「ライオンとネズミ」(イソップ/原作 ジェリー・ピンクニー/作 さくまゆみこ/訳 光村教育図書 2010)
あるとき、1匹のネズミが、眠っているライオンをうっかり起こしてしまいました。でも、ライオンは捕まえたネズミを逃がしてやりました。その後、ライオンは猟師の罠にかかり、網に捕らわれてしまいますが、そこへネズミが駆けつけます──。
イソップ物語の「ライオンとネズミ」をもとにした絵本です。本書には文章がありません。たくさんあるイソップ絵本のなかで、動物の鳴き声と擬音だけで物語を構成したところに本書の新味があります。また、ライオンとネズミだけでなく、いろんな動物がえがかれているところが楽しいです。作者あとがきには、こんなとこが書いてあります。

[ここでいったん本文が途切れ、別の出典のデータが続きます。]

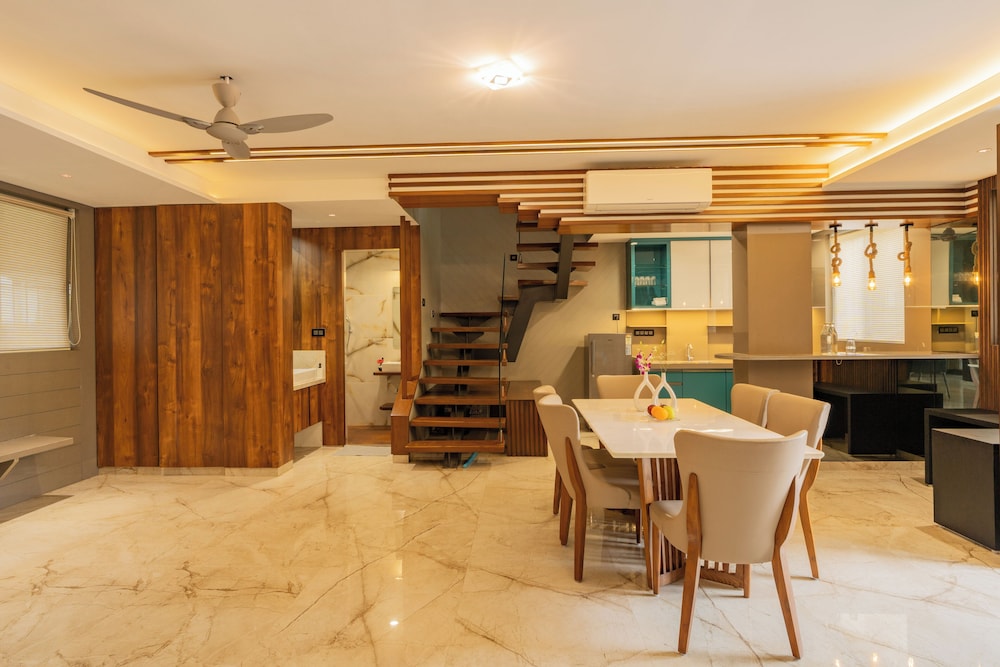 Alaya Stays - Imperial Calista 4BHK near Khandala Hills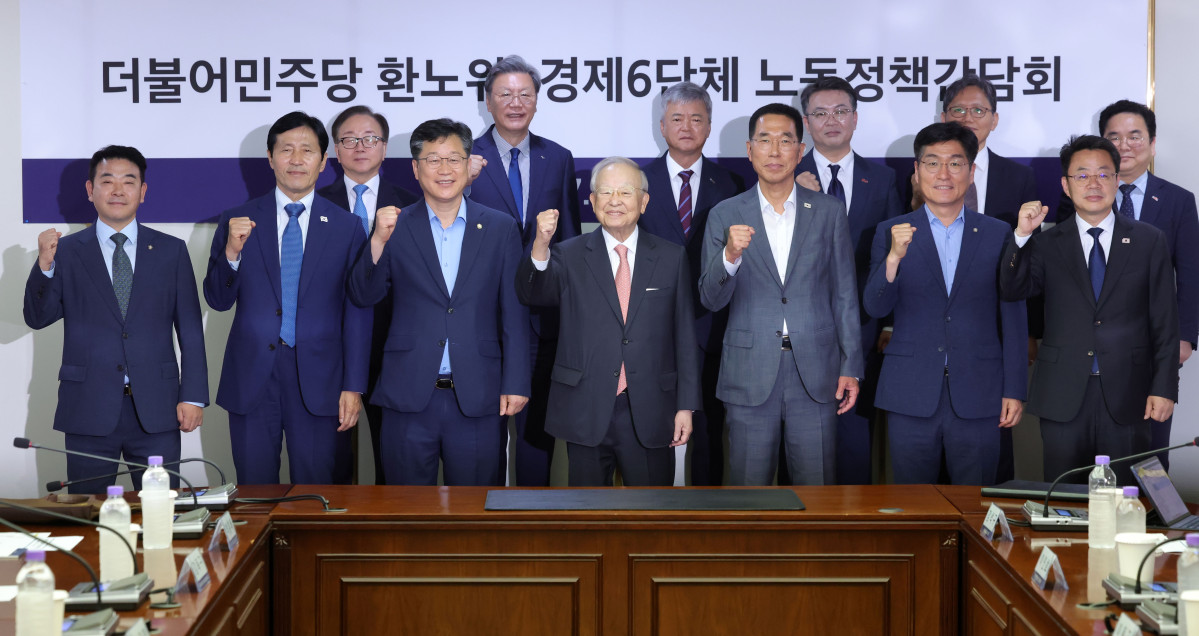 ▲안호영(앞줄 왼쪽 세 번째) 국회 환경노동위원회(환노위) 위원장과 손경식(앞줄 왼쪽 네 번째) 한국경영자총협회(경총) 회장 등 참석자들이 14일 오후 서울 마포구 경총에서 열린 더불어민주당 환노위-경제 6단체 노동정책(노동조합법 개정안) 간담회에 앞서 기념촬영하고 있다. 2025.07.14. (뉴시스)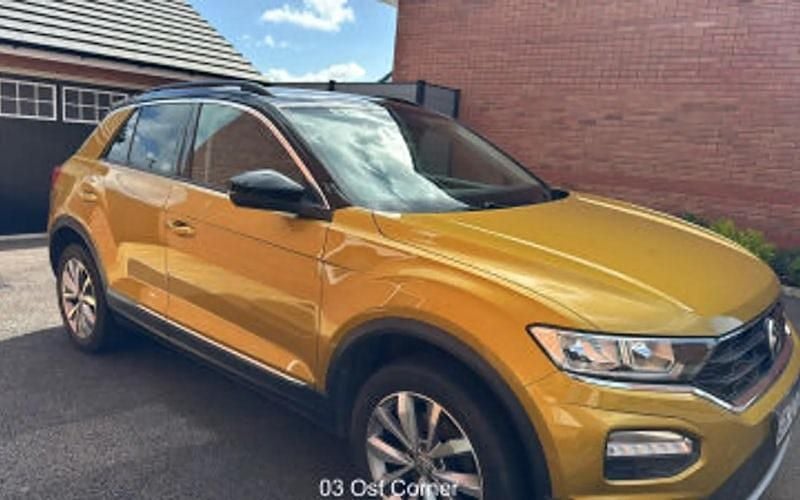 Used VW T-Roc Design 150 HP (110 kW) 2020 Yellow SUV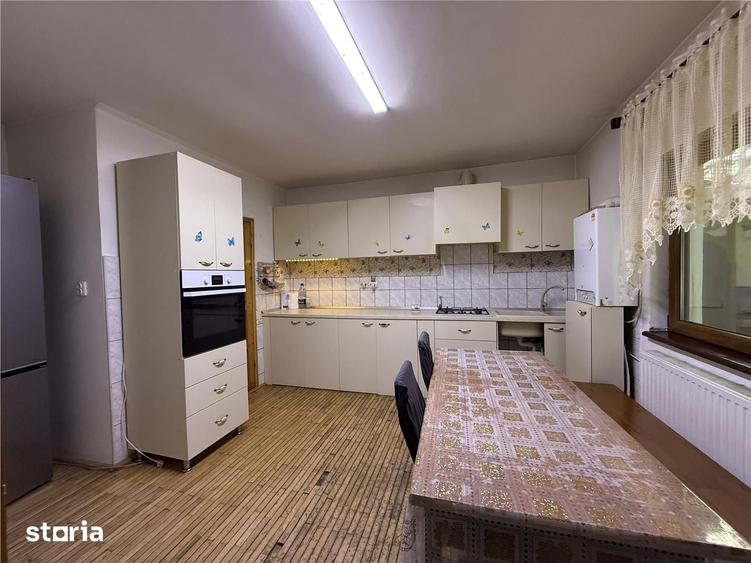 Casă cu 4 camere cu Teren 263 Mp în Central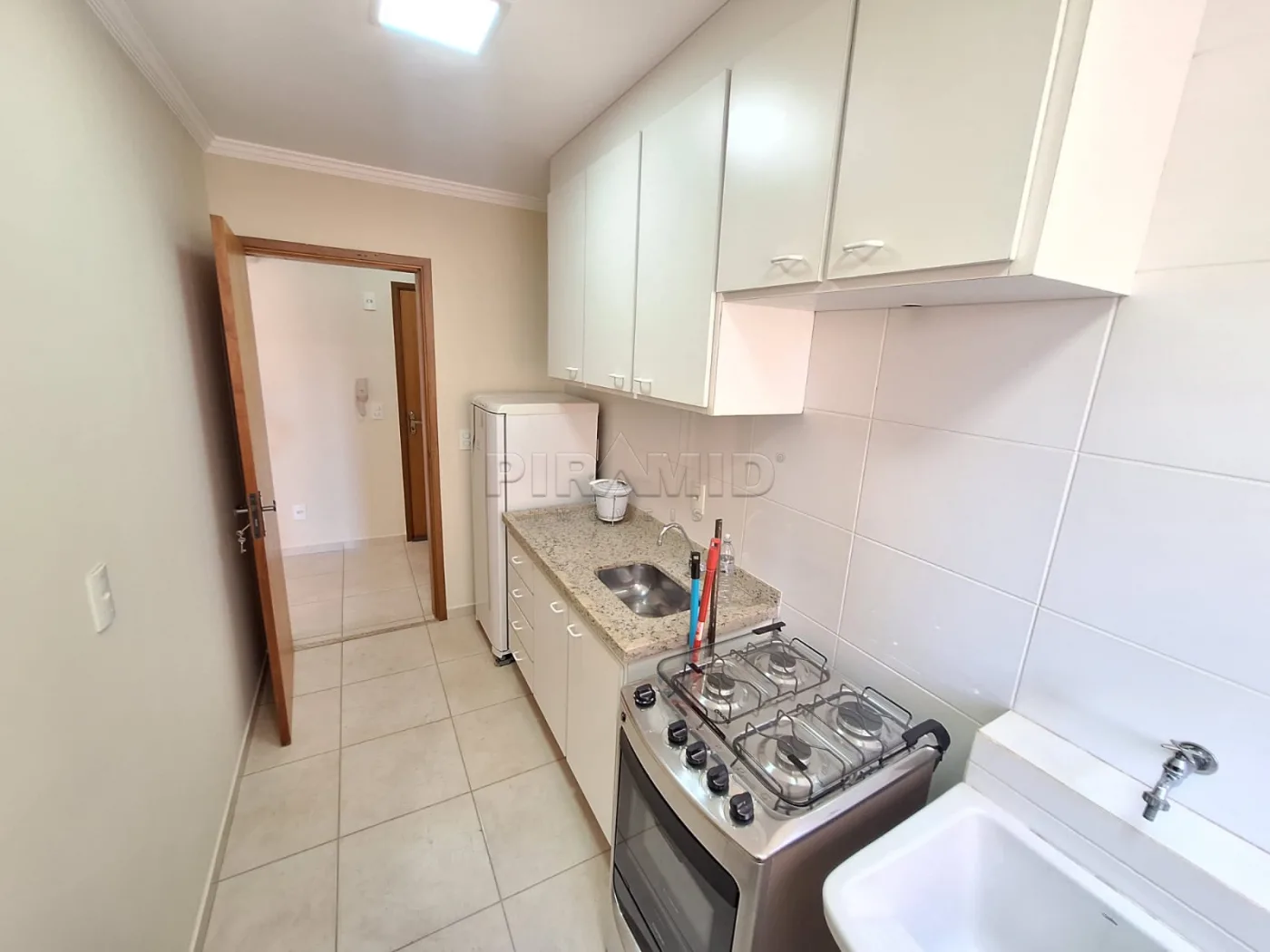 Alugar Apartamento / Padr&atilde;o em Ribeir&atilde;o Preto R$ 2.500,00 - Foto 16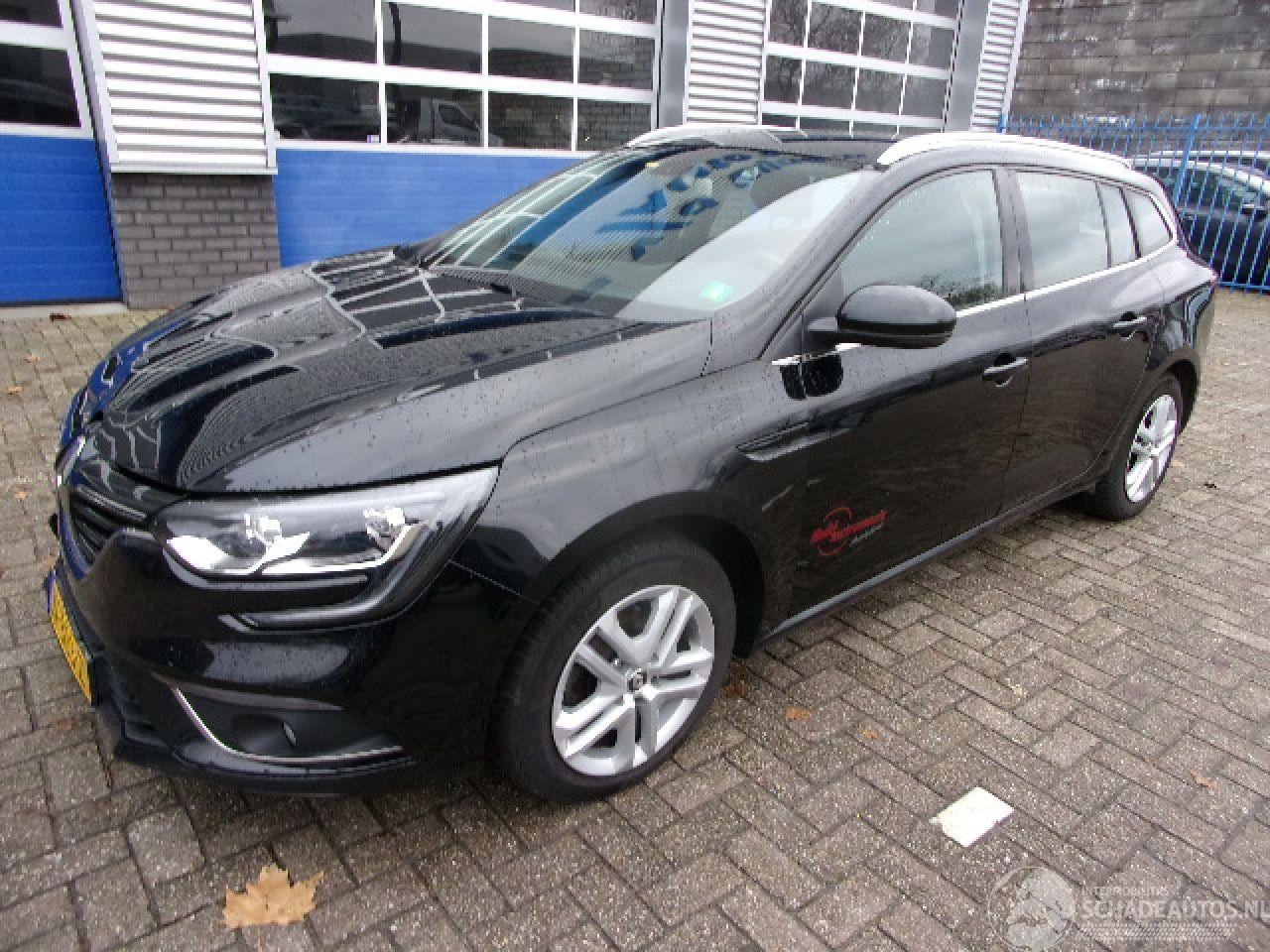 Renault Mégane - 1.5 dCi Eco2 Zen 1.5 DCI ECO2 ZEN - AutoWereld.nl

「子どものときのわたしは、ひかえめなねずみの決断によって百獣の王の命がすくわれることに、わくわくしていましたが、おとなになったわたしは、ライオンもねずみも、どちらも大きな心をもっていることにきづいたのです。勇気をふりしぼったねずみも、そして獣の本能をこえて小さな獲物をはなしてやったライオンも、心がとても広い。そこでわたしは、本書のカバーには、このゆうかんな二ひきの動物がどうどうと目を合わせているところを、たっぷりスペースをとってえがきました」
おかげで、本書のカバーには、ライオンの顔がアップでえがかれているほか、タイトルすらありません。2010年度コールデコット賞受賞。小学校低学年向き。